We were tasked with designing a new, bespoke typeface for STC, the largest telecommunications company in Saudi Arabia with current markets in Kuwait, Bahrain and Indonesia.

Typefaces with a distinctive character or ‘personality’ have become an essential asset in the brand toolkit as they can play a central role in increasing brand recognition and establishing a distinctive tone of voice for brands.

As brand guardians for STC, we considered it a unique opportunity to design a contemporary typeface for STC that would make them stand out from the landscape of Arabic telecom brands in the Middle East. A bespoke typeface would also reflect STC’s keen interest in clear communication with their customers as well as their dedication to technological advancements.

The design of the STC typeface had to reflect the new brand strategy and the new values; ‘progressive’, ‘tuned in’, ‘helpful’ and ‘resourceful’. It also had to be highly adaptable in order to carry the new identity across multiple languages and various applications – from large headlines to small running text – without losing consistency.

We conducted a detailed exploration of the different possibilities for each glyph in both Arabic and Latin alphabets before the first basic character set was drawn.

Preliminary sketches and character exploration for Arabic alphabet

The proportions and basic characteristics for the stroke width, contrast and drawing of curves were established and the resulting typeface was a geometric typeface with large counters, squarish curves and single rounded corners on end strokes.

The character set was then complemented with ligatures, numerals and punctuation marks. Particular attention had to be given to the numerals as pricing and discount rates feature prominently in STC’s advertising.

Character design and glyph testing

Fine-tuning numerals

Arabic ‘fi’ ligature – work in progress

Finally, we approached Tarek Atrissi’s design studio in the Netherlands to assist us in the technical development of the typeface to include two additional weights (light and bold) with italics. Every step of the development process was discussed in detail to ensure that the typeface characteristics were faithfully carried across to the whole family.
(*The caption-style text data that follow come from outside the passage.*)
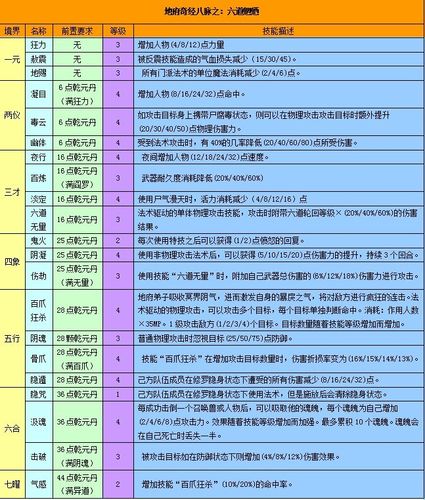 地府技能详解,地府技能加点-第8张图片-93游戏 地府技能详解,地府技能加点-第8张图片-93游戏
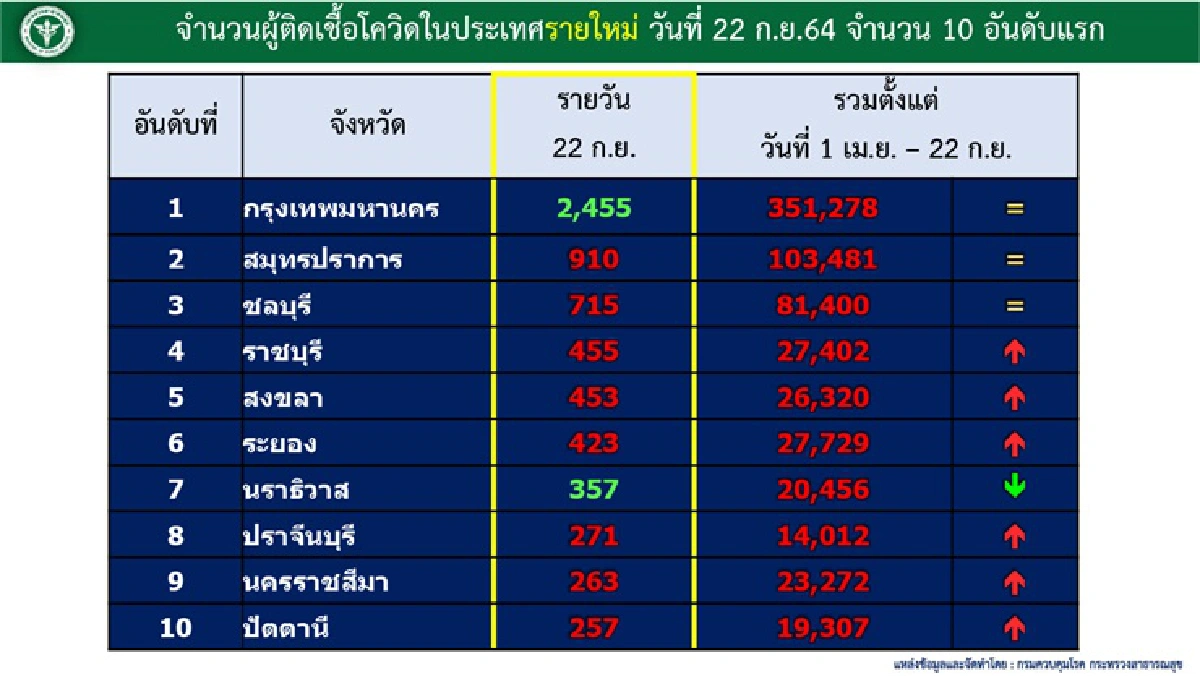ศบค.เผยยอดฉีดวัคซีนแตะ 46 ล้านโดส 21 ก.ย. ฉีดเพิ่ม 8.1 แสนโดส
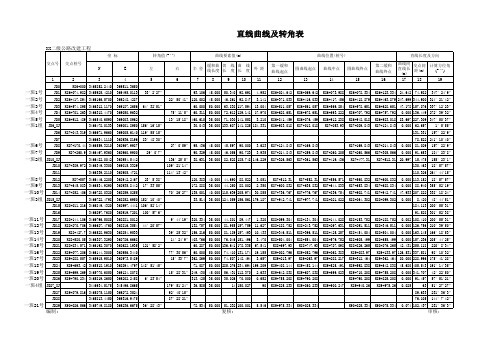 直曲表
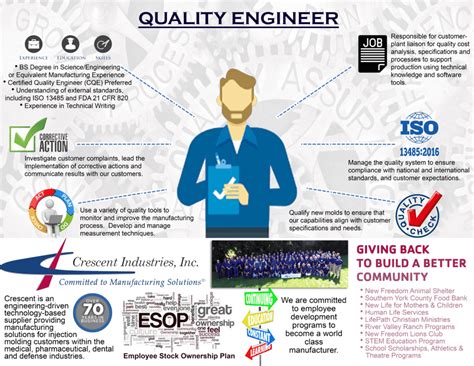 you are the quality engineer at a company that produces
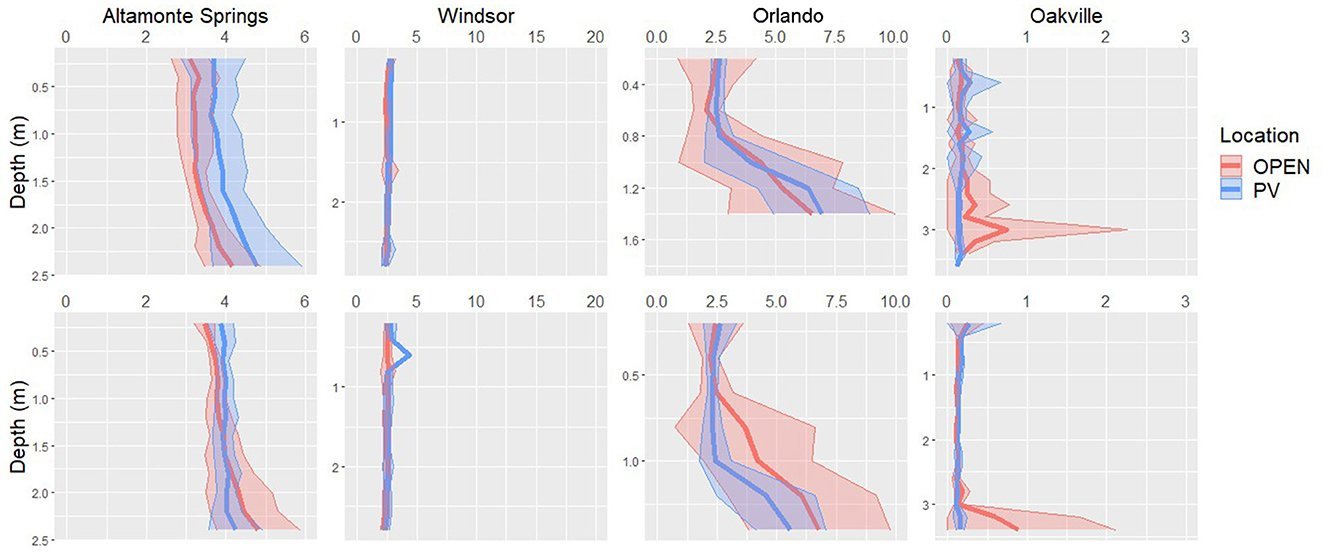 Site-specific relationships between algal biomass and floating photovoltaic solar energy in human-made bodies of water.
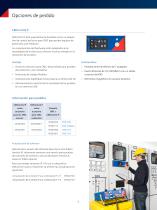 CM Control - Pruebas sencillas de dispositivos de protección y medición con los equipos de prueba CMC - 6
It has become common practice in this part of the world for branding agencies to approach type foundries in order to develop a custom typeface whenever it would be considered as an appropriate solution for the brand identity. However, in the Middle East, type foundries are extremely scarce if practically non-existent. The design of Arabic typefaces has only recently picked up momentum due to the effort of young designers who have brought into their current practice learnings from advanced courses in type design in the Netherlands or the United Kingdom. A handful of modern typefaces are available online today and the library will expand greatly over the next few years as the demand for Arabic typefaces is increasingly growing.